The writer is harsh biography
Remember, your opinion can play an important role in choosing a book by a visitor! Anatoly Alekseevich Surov - the Russian Soviet playwright, the theater critic and laureate of the two Stalinist awards of the second degree, was born on April 10 in the city of Pavlodar Semipalatinsk province of the Russian Empire. In the year he graduated from high school. In years, he worked as a teacher of social science in high school and the head of the district department of public education.
In the years, he was at Komsomol work in Semipalatinsk, and then in the political department of the VSR, the correspondent of the Gudok newspaper, the editor of the Stalin Smena newspaper and the responsible secretary of the Kazakh Pravda editorial office, a member of the editorial board and responsible secretary of the editorial office of Komsomolskaya Pravda, the editor of the Komsomolsky employee magazine, responsible secretary.
magazine "Shift" and deputy editor of the magazine "Art".
Anatoly Alekseevich Surov was engaged in literary activities since the year.
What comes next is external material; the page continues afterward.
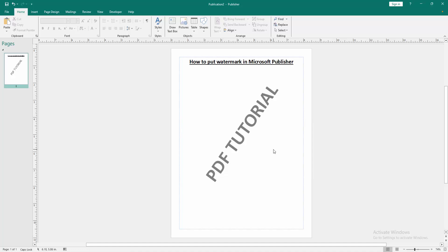We can see we've put a watermark in this Publisher document very easily. I hope you enjoyed the video. Please like, comment, share, and subscribe to my channel. Thanks for watching.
He published several articles in the periodical press and wrote a number of plays, which in the post -war years were staged on the scenes of the leading theaters of the USSR. Some productions were awarded Stalin's prizes. At the end of the year, at the All -Union Creative Conference, some speakers, including the theater critic A.
Borshchagovsky, disapprovingly responded about the works of a number of Soviet playwrights, including Surov. Harsh, discrediting, in the opinion of the speakers, the pseudo -creation of the Soviet drama. ” In particular, the plays of Surov “far from Stalingrad”, “Big Fate” and “Green Street” were subjected to criticism. The criticism of the first two plays was incriminated, in particular, A.
Borshchagovsky and Yuzovsky in the infamous article “On one antipatriotic group of theatrical critics”, published in Pravda in January of the year during the so -called “struggle against cosmopolitanism”. Surov, like many other writers, took an active part of the “struggle against cosmopolitanism”, in particular, in the identification of “rootless cosmopolitans” among theatrical critics, A.
Fateev explains this by the fact that “in the delivosive era, it was criticism of the public, influenced the repertoire of theaters, which affected the fees of playwrights.” Surov, V. Zalessky and B. Vdovichenko tried to accuse K. Simonova and B., according to some reports, was engaged in plagiarism and assigning someone else's literary creativity. Anatoly Alekseevich Surov died on November 12.
He was buried in Moscow at the Kuntsevsky cemetery.